Further, non-oil exports, a cleaner measure of exports’ health, grew by an impressive 25.6 percent last month.

The stellar performance of exports in October pushed growth in the first seven months of the current year to three percent, an improvement from a seven percent contraction seen in the same period of last year.

Despite an impressive growth in outbound shipments, the goods trade deficit widened to USD 27 billion in October from USD 20.75 billion in September due to a faster pace of growth in imports. Imports surged to a record high of USD 66.34 billion, up 3.9 percent on a year-on-year basis.

Infographic: Wasif Khan | ThePrint
Infographic: Wasif Khan | ThePrint

Global trade outlook

Before delving into trade trends, it is instructive to look at the projections for global trade for the current and the next year. The World Trade Organisation (WTO) has raised its projection for  merchandise trade growth to 2.7 percent from the previous estimate of 2.6 percent for the current year. For the next year, the projection has been revised downwards from 3.3 percent to three percent.

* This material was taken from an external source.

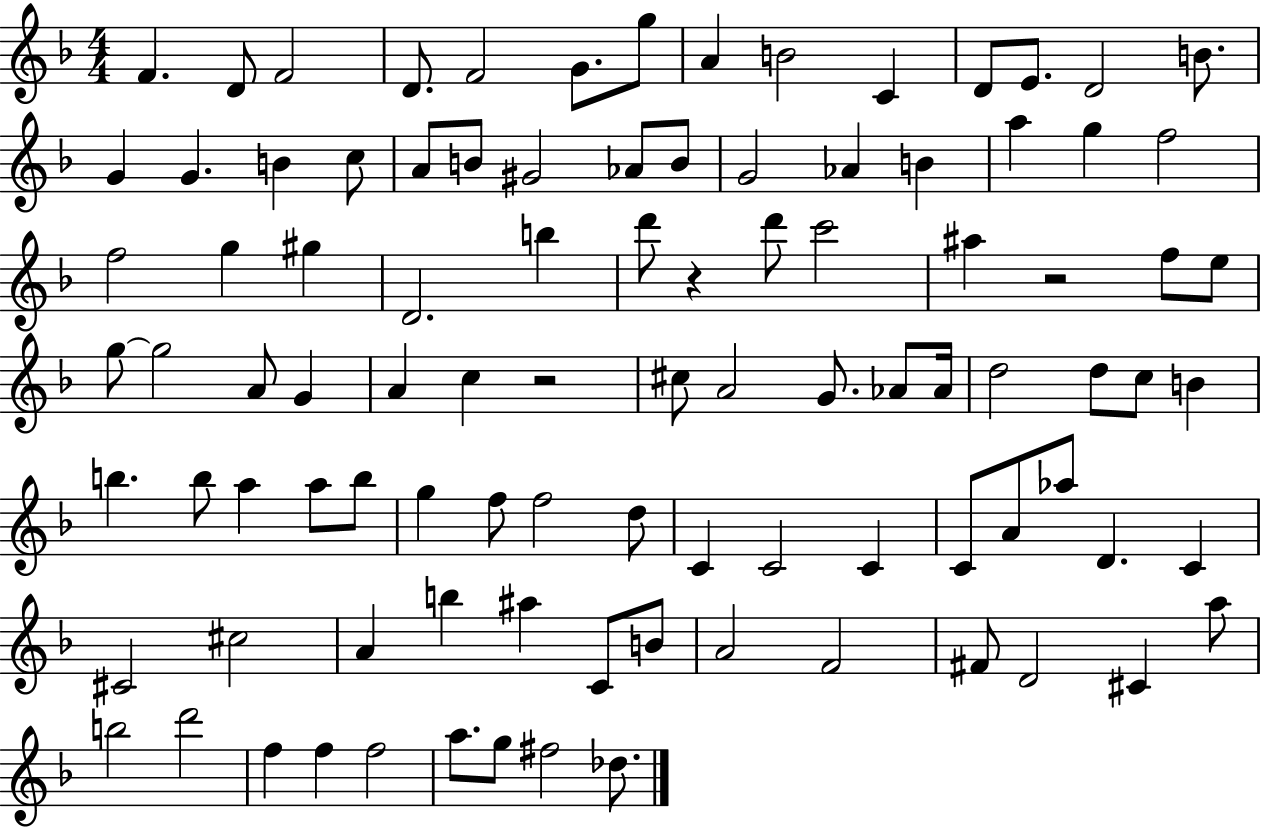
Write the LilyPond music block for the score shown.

The revised trade forecasts reflect a significant improvement from the 1.2 percent contraction in merchandise trade in 2023 due to high inflation and interest rates. With easing of inflation and interest rates, global trade prospects have improved.

Amongst countries, Europe continues to remain a drag on trade. In sectors such as chemicals and automobiles, there has been a sharp drop in demand. Dip in demand for automobile exports has repercussions across supply chains. Europe’s imports of machinery have seen a sharp decline.

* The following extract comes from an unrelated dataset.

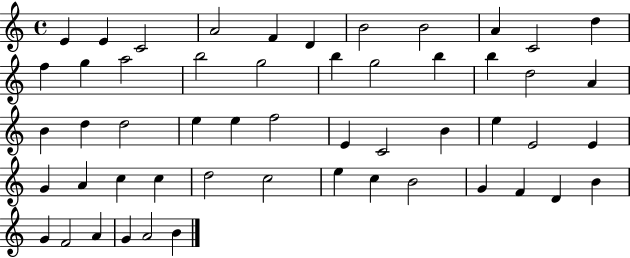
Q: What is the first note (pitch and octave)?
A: E4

Asian economies are seen to be propelling trade in the short-term. India, Malaysia, Singapore and Vietnam are the key drivers of import demand, while exports from Asia are seen to be driven by South Korea, Singapore and China.


Also Read: India’s Q2 growth likely to be weaker. Soft urban demand & credit growth, patchy manufacturing to blame


Turnaround in exports

India’s exports have been affected by sluggish demand in advanced economies, geopolitical tensions and volatility in commodity prices. For April-September, India’s merchandise exports grew by a meagre 0.95 percent on year. However, October saw a sharp turnaround with 17 percent growth in merchandise exports.

The HSBC India Manufacturing Purchasing Managers Index also got a boost in October from strong growth in new export orders from Asia, Europe, Latin America and the US.

The surge in exports is partly on account of inventory-build up for Christmas sales. Logistical challenges as most of India’s trade to Europe and Africa is routed through the Red Sea route has also prompted countries to maintain inventories.

Most of the categories of manufactured goods posted healthy growth in exports. Engineering goods (39.4 percent), electronic goods (45.7 percent), readymade garments (35 percent), organic and inorganic chemicals (27.3 percent) were the key drivers of the sharp growth in exports.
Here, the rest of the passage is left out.